From the first line to the last, restate the material word for word, omitting pictures.

(GIVEN MATERIAL)
----

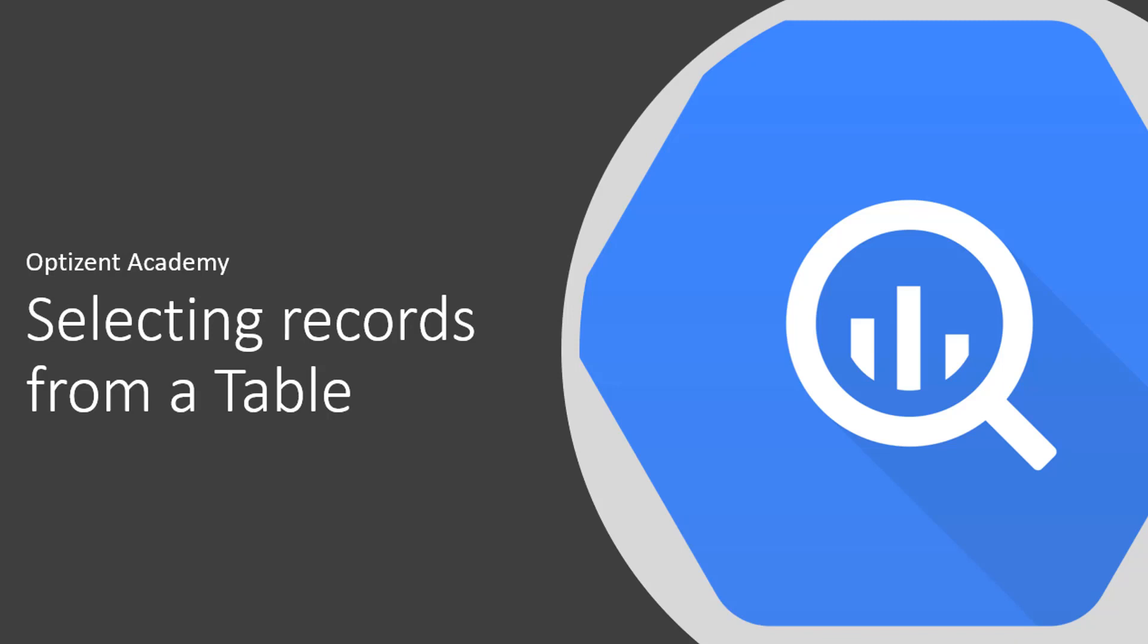In the previous video, I showed you records within the events table, but I didn't tell you how I got to that point. In this video, I am going to show you how you can select records from a table so that you can see what data is coming across.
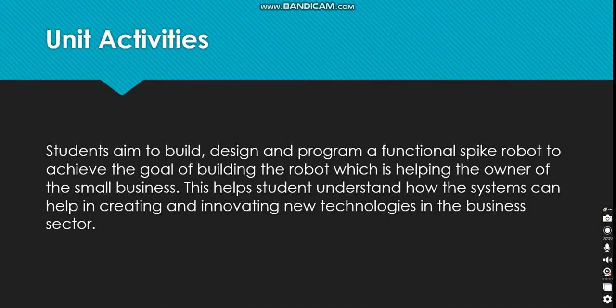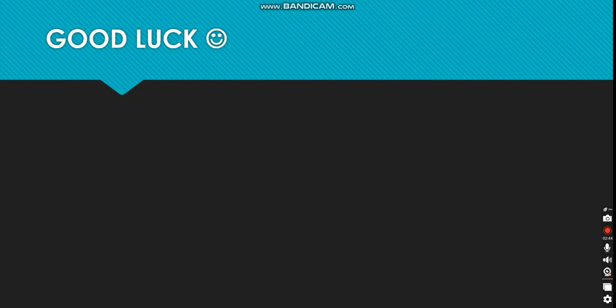The unit activity aims for students to build, design, and program a functional SPIKE robot to achieve the goal of helping the owner of a small business. This helps students understand how systems can help in creating and innovating new technologies in the business sector. As our unit activity, we're going to be building a robot for a small business to help achieve its goal.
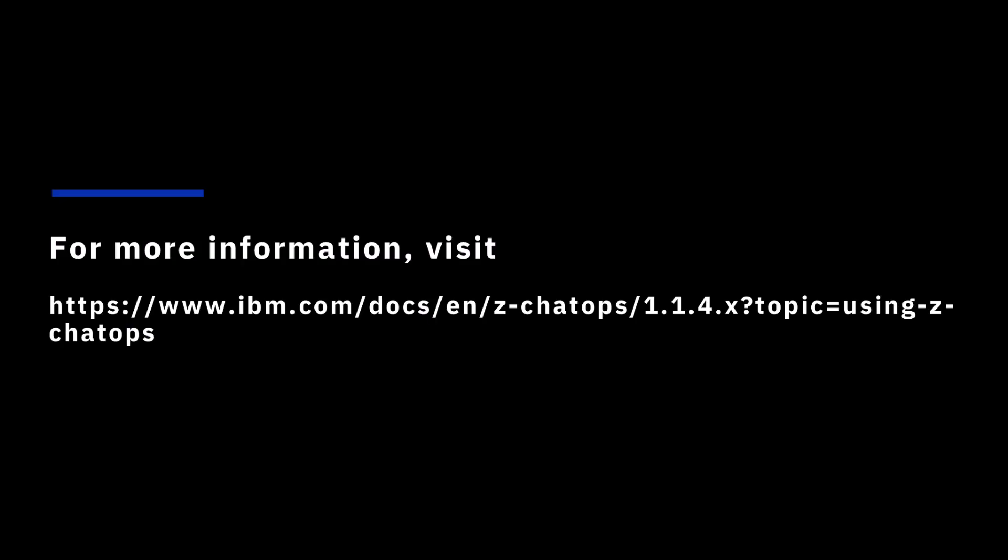For more information about how to issue commands to query information about Z resources in Z ChatOps, see our official documentation. Thanks for watching.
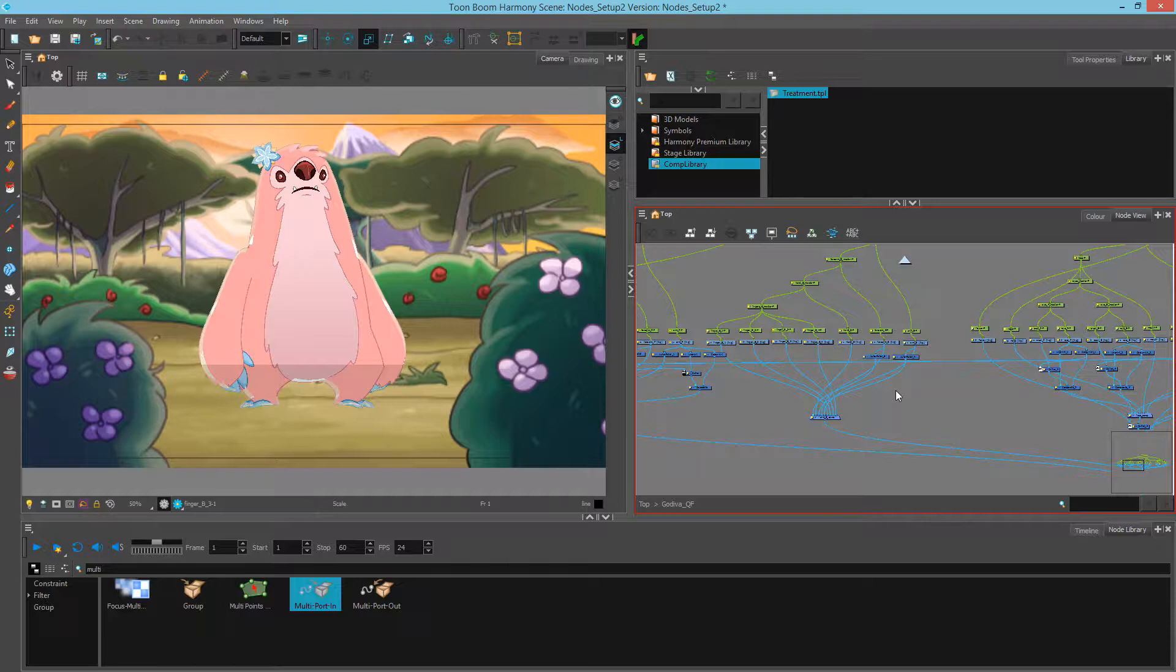Hi, this is Mark, and in this video we're going to take a look at adding backdrops to highlight areas in a node view.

----

(REPLY TO THE TASK)
In the previous video, I showed you records within the events table, but I didn't tell you how I got to that point. In this video, I am going to show you how you can select records from a table so that you can see what data is coming across.
The unit activity aims for students to build, design, and program a functional SPIKE robot to achieve the goal of helping the owner of a small business. This helps students understand how systems can help in creating and innovating new technologies in the business sector. As our unit activity, we're going to be building a robot for a small business to help achieve its goal.
For more information about how to issue commands to query information about Z resources in Z ChatOps, see our official documentation. Thanks for watching.
Hi, this is Mark, and in this video we're going to take a look at adding backdrops to highlight areas in a node view.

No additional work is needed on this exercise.